Sin dall’infanzia, sa di dover fare i conti con uno sterminato stuolo di individui, pronti a mostrargli qual è il modo “giusto” di vivere. Dapprima i genitori lo incanalano in uno strettoia, con il miglior intento di renderlo un bambino “educato” e sano. Subito dopo, la scuola apre le porte ad uno stile competitivo e giudicante, ponendolo innanzi ad una “corte suprema”, pronta a formulare diversi verdetti, giorno dopo giorno, anno dopo anno.

In seguito, viene immesso in ingranaggi sempre più contorti e stretti: il mondo del lavoro, l’alternarsi di amicizie, il susseguirsi di rapporti sentimentali.
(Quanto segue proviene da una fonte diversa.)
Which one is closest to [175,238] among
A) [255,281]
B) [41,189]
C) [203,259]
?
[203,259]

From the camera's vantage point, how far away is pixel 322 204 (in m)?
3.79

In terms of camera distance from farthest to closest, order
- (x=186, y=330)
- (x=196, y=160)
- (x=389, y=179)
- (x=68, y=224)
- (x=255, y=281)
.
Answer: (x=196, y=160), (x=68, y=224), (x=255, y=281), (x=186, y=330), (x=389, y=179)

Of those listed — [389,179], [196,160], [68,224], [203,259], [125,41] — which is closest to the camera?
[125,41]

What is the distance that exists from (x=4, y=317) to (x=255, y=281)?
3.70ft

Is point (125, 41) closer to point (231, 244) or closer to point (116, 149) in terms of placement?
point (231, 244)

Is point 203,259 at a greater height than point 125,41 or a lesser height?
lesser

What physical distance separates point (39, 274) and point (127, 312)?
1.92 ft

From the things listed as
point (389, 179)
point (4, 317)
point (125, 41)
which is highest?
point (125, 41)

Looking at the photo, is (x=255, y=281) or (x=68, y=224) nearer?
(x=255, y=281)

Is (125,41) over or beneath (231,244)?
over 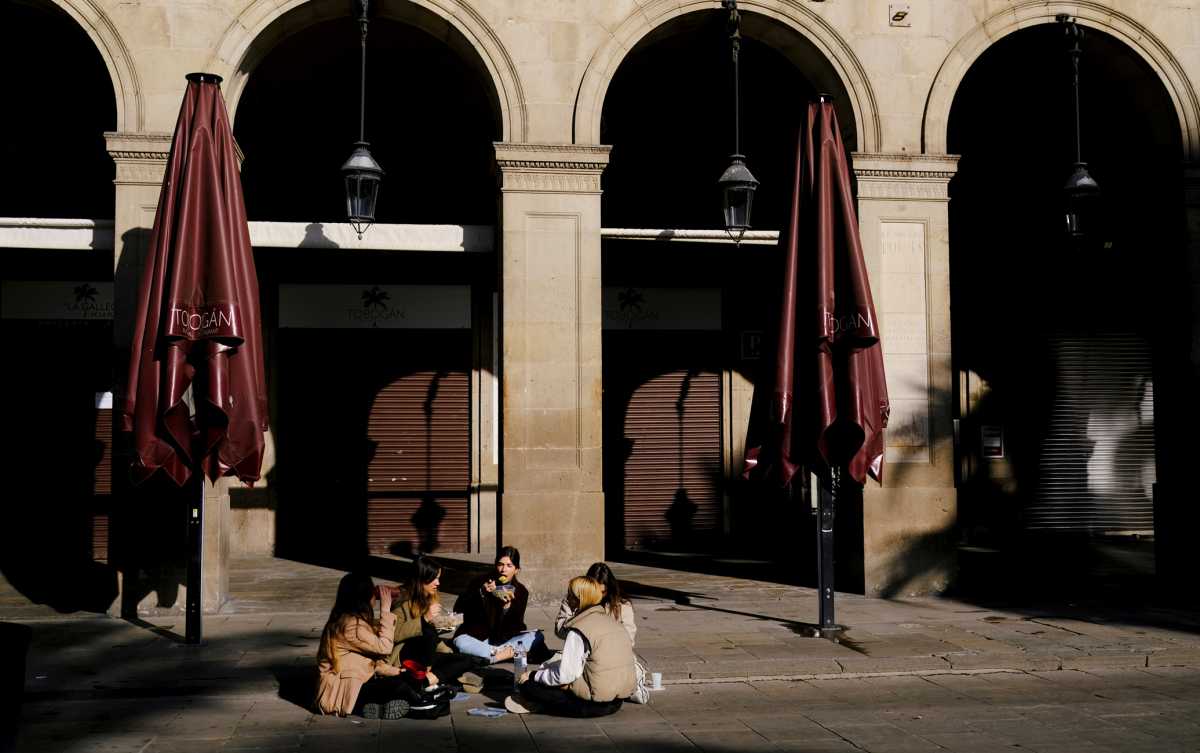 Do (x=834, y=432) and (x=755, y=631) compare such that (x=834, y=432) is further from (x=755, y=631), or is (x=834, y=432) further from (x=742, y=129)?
(x=742, y=129)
La vita appare come un caotico percorso, ove l’esterno impatta sull’interno senza alcuna pietà, mostrando tutta la sua sottile perfidia. Sembra abbia come unico obiettivo quello di soppiantare l’essenza umana, sino al suo più fragile osso.
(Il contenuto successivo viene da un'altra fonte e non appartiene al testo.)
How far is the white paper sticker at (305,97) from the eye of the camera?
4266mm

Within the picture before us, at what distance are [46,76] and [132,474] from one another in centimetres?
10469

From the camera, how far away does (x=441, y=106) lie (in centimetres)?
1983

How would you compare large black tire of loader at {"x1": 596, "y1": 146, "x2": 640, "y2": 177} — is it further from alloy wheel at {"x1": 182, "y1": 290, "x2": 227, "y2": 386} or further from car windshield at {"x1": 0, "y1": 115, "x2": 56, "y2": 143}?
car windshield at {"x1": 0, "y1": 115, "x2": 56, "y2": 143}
Siamo dei piccoli Pinocchio, plasmati da un Geppetto sapiente, armato di intenti benevoli (!?). Siamo buffi burattini pronti a mentire pur di godere dei piaceri della vita. Siamo simpatiche marionette in attesa della fata Turchina, l’unica che, con un tocco di bacchetta magica, potrà svelare chi siamo “davvero”, gettando via la falsa e stantia superficie di legno.

Questo è il triste, eppur realistico, scenario nel quale siamo quotidianamente immersi. Siamo il risultato di un feedback costante. Ci percepiamo secondo le caratteristiche che ci raccontano dall’esterno.

Ci sentiamo come gli altri ci vedono. Ci vediamo come gli altri ci vogliono.

Ma in fondo, CHI SIAMO VERAMENTE?

Per divenire artefici di questa scoperta, che ci riguarda in prima persona, non dobbiamo fare altro che il più semplice e scontato dei gesti: “guardarci allo specchio”.

Partendo dal presupposto che la realtà circostante non è altro che un enorme specchio, in grado di riflettere le molteplici sfaccettature individuali, possiamo ricostruire il VERO IO attraverso un cammino fatto di osservazione, dapprima comparativa e successivamente isolata ed asettica.

Spesso disistima o profonda insicurezza, portano a percorrere strade ed atteggiamenti già tracciati, al fine di deresponsabilizzarsi e omologarsi, per liberarsi da una presa di coscienza troppo dura da tollerare.

E’, invece, necessario saper vivere, la propria quotidianità, svuotandosi dal sistema di “credo” che ci viene imposto.


Quindi i primi passi potrebbero essere questi:

1) OSSERVARE L’ESTERNO

2) CONFRONTARLO CON IL NOSTRO PERCEPITO

3) LIBERARCENE!!!

4) GUARDARE IL NUOVO SCENARIO

5) SCOPRIRE LA NOSTRA VERA ESSENZA, QUELLA “LIBERA” DA CONDIZIONAMENTI ESTERNI.

Un cammino non semplice, dal risultato stupefacente!